Like most mobile homes, considerable origami was necessary to convert the van into sleeping mode, and for the person who drew the short straw and took the top bunk, getting into and out of bed, or even making it, required the flexibility of an advanced yogi. During our mid-winter visit, the corrugations in the road suggested it had been a while since a grader had visited, and in the words of one fellow camper, driving across them would “shake the shite out of a cast iron Jesus”. A 4WD and a tent might possibly have been a better option. Small details, but worth considering when planning your trip.

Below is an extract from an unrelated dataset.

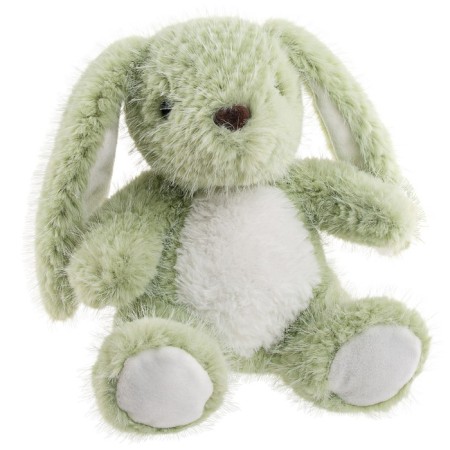 Soft Gulliver toy "Bunny Vysloukhiy", olive, 20 cm-7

And certainly not enough to put a dampener on the experience. Make no mistake, this is an ancient landscape. Huge mountains, including Mt Bruce (Punurrunha), at 1234 metres, WA’s second-highest peak, rise out of the Spinifex-studded plains. The banded iron formations exposed in many of the rocks originated more than 2500 million years ago as iron and silica-rich sediments were deposited on an ancient sea bed. Across millennia, the pressure of further deposits turned the sediments into tough, well-bedded rock. Horizontal compression caused those rocks to buckle and develop vertical cracks that rose above sea level. As rivers coursed through those cracks, sheer-sided gorges developed. Further erosion sculpted the rocks into to the present craggy landscape, with more than 100-metre drops culminating in rock pools and waterholes.
It’s as though some massive mythological creature let loose and dragged its talons through the earth, leaving gaping fissures in the Spinifex-studded plains and it’s hardly surprising that this is a place of great significance to the local Banjima, Innawonga and Guruma Aboriginal people. Fern and Circular Pools are of particular spiritual importance to the traditional owners, and visitors are requested to treat these sites with the respect one would accord a European cathedral or Asian temple.
Most of the accessible sites are located in the northern park of the park and visitors can choose between two camping grounds, a parks-maintained facility at Dales Gorge, or one attached to Karijini Eco Retreat about 40km to the west. Neither has powered sites, so our decision was settled by the prospect of hot solar-powered showers, camp kitchens and the option of meals at the Eco Retreat HQ. The campsites are sufficiently secluded to give visitors a sense of wilderness and in the end we only ended up visiting resort reception to top up a few supplies and for much-appreciated advice on the walks. Non-campers at the Eco Retreat are accommodated in permanently erected canvas “tents” with wooden floors, some with ensuite bathrooms and some with shared facilities. These are dotted between the gums and the termite mounds at similarly discrete intervals.